It does however have a bloodthinning effect so using it if yoou are in a risc group is fine.
The most crucial thing about an acute heart attack is effective first aid treatment. It consist of CPR cardiac pulponary resuscitation and is really a compression of the chest which squeses the heart together. The other is mouth to mouth simultaneus with the cpr. The tecniques can be learned in a course lasting half a day. For my own case i was given it as part of my electricians education, again as part of a sailing course and again for scubadiving course. Here it is for free and given in the socalled VUC which is adult education centres. In South Africa it was a multitude of services offered it, Like the Sct James ambulance. Ask your local first aid clinic, firedepartment or similar. At least they know where it is given.

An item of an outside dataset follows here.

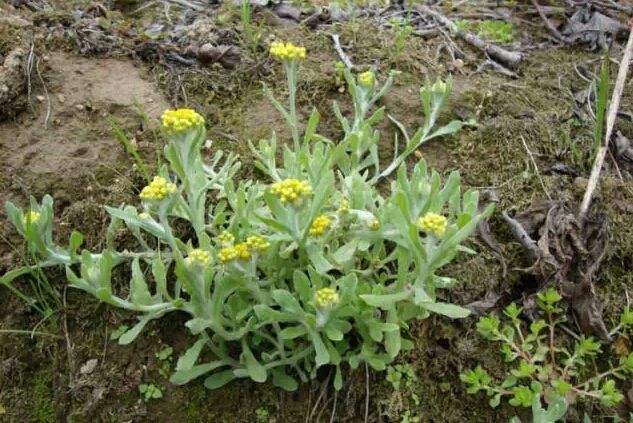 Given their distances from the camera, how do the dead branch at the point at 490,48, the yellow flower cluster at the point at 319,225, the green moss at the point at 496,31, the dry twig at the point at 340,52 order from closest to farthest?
the yellow flower cluster at the point at 319,225 → the dry twig at the point at 340,52 → the dead branch at the point at 490,48 → the green moss at the point at 496,31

The first 5 minutes is crucial for the succesful recovery of the patient. If the tecnique is aplied in that period the full recovery rate is over 90 %. Anything beyond 15 minutes and death is normally the case. The tecnique is to bring oxygen to the brain while giving the paramedics time to arrive. It is seldom that it actually restarts the heart pumping. That is a job for the paramedics. It can be applied by just one person alternating pumping and mouth to mouth but obviously better with 2 people doing each their thing.
It is really sad that so many people die, just because of the general lazyness of the public in general. It takes a mere afternoon and it could be you spouse, parent, child, coworker or future friend for life whose life you save. Give your partner a kick in the direction of the course and it might even be your own.

(in reply to LadyPact)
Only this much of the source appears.